## [Problem description]
Only the lines from the one containing "Bellamy Rectangular Coffee" through the end of the entries are to be copied, exactly and without pictures, please.

## [Records for this exercise]
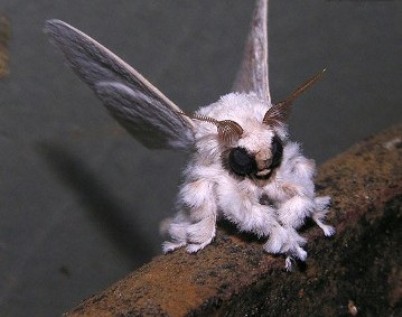 پروانه ايی عجيب همه را شوکه کرد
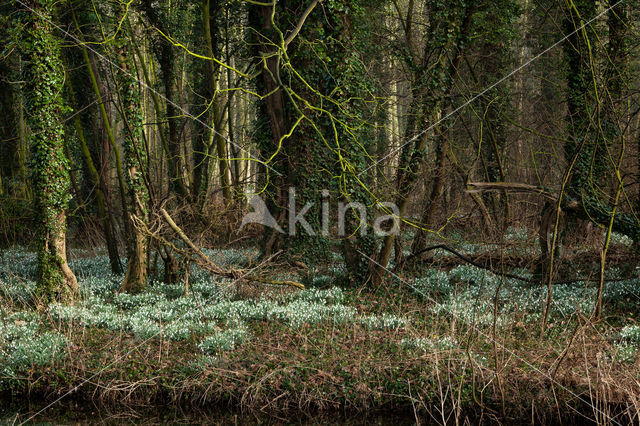 Sneeuwklokje (Galanthus spec.)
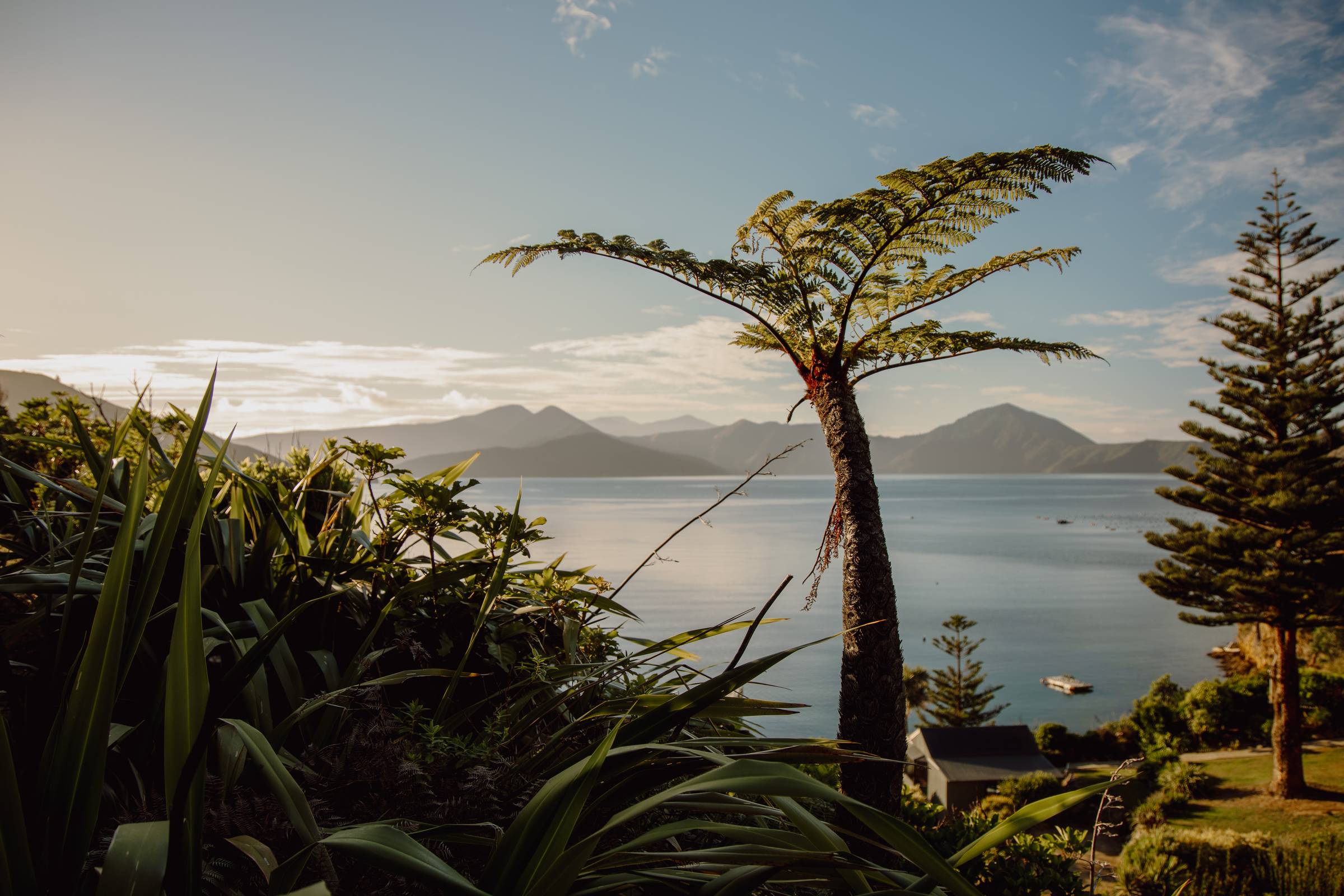 Waitata Bay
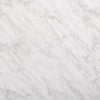 Bellamy Rectangular Coffee Table White Carrara Marble Material Detail 239443-001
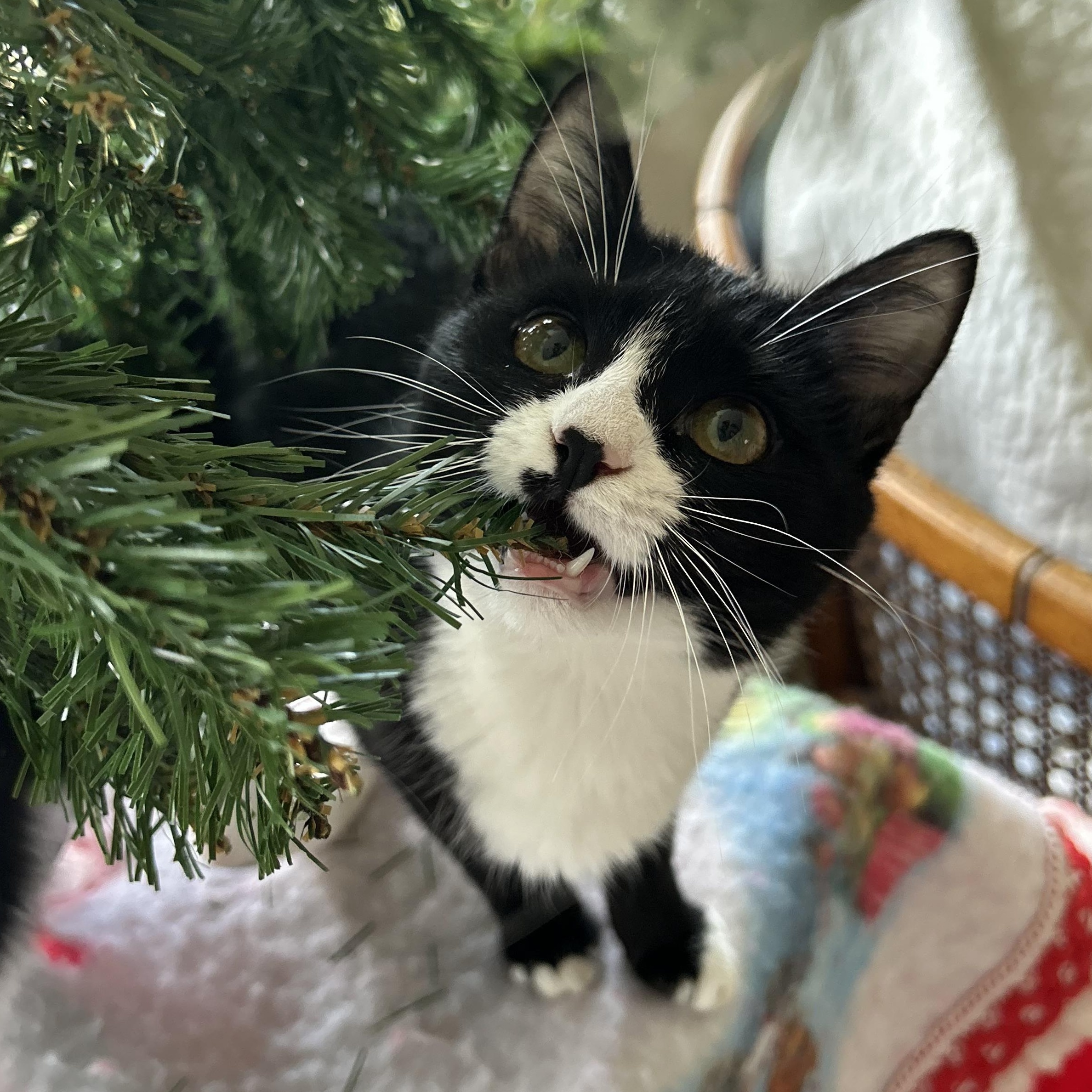 Enlarge Winnie, a Adoptable mixed breed in Fort Oglethorpe, GA image 6/6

## [Your response]
 Bellamy Rectangular Coffee Table White Carrara Marble Material Detail 239443-001
 Enlarge Winnie, a Adoptable mixed breed in Fort Oglethorpe, GA image 6/6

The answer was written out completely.